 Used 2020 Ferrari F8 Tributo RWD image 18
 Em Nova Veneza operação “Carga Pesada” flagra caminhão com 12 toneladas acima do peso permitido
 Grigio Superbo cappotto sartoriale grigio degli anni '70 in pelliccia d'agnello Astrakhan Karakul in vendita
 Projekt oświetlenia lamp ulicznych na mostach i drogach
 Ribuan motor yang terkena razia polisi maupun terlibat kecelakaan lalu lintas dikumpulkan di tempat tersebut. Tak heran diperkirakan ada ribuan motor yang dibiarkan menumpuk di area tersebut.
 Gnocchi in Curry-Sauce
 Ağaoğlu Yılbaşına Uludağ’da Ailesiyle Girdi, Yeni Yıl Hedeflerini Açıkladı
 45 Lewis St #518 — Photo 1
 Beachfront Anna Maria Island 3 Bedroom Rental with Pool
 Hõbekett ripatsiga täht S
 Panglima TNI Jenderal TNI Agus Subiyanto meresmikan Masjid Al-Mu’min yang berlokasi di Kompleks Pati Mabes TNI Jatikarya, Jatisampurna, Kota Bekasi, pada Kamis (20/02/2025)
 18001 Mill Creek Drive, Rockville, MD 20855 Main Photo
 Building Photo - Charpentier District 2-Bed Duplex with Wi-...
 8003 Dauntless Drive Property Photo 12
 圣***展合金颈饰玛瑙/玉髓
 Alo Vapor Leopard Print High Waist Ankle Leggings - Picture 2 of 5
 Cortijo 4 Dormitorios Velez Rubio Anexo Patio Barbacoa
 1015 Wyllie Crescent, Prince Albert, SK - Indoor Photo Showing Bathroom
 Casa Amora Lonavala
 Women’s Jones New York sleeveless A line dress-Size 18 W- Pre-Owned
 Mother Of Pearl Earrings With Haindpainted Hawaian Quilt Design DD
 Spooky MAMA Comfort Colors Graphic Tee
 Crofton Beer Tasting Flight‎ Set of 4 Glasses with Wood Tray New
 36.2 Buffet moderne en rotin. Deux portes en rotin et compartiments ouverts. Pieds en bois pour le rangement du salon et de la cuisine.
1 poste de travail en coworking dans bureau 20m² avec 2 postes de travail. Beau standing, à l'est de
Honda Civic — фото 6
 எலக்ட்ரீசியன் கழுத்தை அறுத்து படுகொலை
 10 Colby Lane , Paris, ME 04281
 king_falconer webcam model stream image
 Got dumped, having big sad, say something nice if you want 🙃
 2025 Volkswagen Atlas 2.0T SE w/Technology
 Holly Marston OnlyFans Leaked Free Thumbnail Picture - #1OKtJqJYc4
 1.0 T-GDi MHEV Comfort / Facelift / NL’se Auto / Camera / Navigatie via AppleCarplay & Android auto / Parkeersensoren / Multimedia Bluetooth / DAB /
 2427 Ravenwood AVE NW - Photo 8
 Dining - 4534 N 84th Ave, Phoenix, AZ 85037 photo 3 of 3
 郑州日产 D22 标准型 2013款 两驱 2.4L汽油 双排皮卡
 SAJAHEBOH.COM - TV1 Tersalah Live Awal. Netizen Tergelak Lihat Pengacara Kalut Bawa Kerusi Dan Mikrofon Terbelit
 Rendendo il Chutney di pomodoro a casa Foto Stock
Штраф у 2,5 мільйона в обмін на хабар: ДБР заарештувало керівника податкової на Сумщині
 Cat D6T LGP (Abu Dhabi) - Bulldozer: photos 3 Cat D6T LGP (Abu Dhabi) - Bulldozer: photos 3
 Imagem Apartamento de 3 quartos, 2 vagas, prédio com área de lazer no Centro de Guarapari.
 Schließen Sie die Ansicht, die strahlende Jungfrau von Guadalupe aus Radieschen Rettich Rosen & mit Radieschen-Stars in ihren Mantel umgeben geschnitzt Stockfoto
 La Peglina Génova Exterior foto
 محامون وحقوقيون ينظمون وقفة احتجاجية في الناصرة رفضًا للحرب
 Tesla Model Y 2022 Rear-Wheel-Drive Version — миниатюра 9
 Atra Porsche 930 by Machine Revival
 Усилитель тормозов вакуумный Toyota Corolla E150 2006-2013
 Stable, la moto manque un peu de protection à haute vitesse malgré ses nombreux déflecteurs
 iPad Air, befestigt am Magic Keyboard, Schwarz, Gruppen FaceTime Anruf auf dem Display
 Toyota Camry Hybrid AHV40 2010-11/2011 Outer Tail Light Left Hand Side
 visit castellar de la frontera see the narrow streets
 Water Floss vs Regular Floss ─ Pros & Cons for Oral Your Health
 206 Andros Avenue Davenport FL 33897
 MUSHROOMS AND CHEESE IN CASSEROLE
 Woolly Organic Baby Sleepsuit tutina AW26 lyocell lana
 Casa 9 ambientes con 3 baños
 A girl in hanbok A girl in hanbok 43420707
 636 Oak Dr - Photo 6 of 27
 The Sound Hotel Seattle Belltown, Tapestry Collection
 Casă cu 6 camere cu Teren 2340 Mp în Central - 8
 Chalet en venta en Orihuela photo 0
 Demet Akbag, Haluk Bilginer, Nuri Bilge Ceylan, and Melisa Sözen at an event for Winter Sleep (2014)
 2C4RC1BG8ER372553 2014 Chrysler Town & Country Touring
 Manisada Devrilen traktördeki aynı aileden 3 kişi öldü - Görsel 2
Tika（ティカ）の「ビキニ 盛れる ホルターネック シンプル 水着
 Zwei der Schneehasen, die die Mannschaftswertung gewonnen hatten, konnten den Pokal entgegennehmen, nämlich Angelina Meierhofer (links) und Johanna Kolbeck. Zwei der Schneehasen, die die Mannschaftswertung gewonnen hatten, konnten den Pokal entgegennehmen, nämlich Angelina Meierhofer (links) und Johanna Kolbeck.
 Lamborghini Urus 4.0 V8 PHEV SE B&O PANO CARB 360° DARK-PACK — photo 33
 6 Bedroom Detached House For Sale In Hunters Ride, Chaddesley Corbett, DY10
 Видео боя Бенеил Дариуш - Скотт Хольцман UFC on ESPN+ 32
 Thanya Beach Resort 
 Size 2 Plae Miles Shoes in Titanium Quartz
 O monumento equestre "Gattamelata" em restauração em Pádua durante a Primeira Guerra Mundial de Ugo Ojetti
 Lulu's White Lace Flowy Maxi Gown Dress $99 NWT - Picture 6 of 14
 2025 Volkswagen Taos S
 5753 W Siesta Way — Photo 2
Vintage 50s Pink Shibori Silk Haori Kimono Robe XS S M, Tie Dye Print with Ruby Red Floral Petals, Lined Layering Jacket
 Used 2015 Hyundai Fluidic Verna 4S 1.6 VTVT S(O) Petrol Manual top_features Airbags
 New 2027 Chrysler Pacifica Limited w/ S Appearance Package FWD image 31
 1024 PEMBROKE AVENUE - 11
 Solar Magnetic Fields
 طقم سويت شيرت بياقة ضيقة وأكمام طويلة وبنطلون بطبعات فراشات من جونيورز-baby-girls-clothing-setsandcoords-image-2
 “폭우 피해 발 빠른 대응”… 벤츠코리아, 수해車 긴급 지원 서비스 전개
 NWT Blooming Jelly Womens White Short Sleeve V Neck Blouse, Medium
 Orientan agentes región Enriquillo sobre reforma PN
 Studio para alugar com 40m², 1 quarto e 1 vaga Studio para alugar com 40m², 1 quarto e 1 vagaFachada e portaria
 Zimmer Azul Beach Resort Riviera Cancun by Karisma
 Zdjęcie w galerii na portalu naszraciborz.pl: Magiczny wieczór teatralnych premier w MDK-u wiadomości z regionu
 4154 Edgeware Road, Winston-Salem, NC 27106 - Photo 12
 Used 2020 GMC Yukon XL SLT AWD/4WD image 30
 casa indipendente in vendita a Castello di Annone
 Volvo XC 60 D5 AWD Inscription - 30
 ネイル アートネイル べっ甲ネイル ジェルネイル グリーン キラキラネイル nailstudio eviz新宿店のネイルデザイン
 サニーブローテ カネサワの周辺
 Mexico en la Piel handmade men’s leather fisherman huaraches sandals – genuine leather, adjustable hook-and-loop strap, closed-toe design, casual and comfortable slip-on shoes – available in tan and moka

*-*-*

What to produce:
Print, from the entries above, the line with "Rendendo il Chutney", the line with "Atra Porsche 930 by Machine Revival" and all lines between them, exactly and with nothing else.

Completed exercise:
 Rendendo il Chutney di pomodoro a casa Foto Stock
Штраф у 2,5 мільйона в обмін на хабар: ДБР заарештувало керівника податкової на Сумщині
 Cat D6T LGP (Abu Dhabi) - Bulldozer: photos 3 Cat D6T LGP (Abu Dhabi) - Bulldozer: photos 3
 Imagem Apartamento de 3 quartos, 2 vagas, prédio com área de lazer no Centro de Guarapari.
 Schließen Sie die Ansicht, die strahlende Jungfrau von Guadalupe aus Radieschen Rettich Rosen & mit Radieschen-Stars in ihren Mantel umgeben geschnitzt Stockfoto
 La Peglina Génova Exterior foto
 محامون وحقوقيون ينظمون وقفة احتجاجية في الناصرة رفضًا للحرب
 Tesla Model Y 2022 Rear-Wheel-Drive Version — миниатюра 9
 Atra Porsche 930 by Machine Revival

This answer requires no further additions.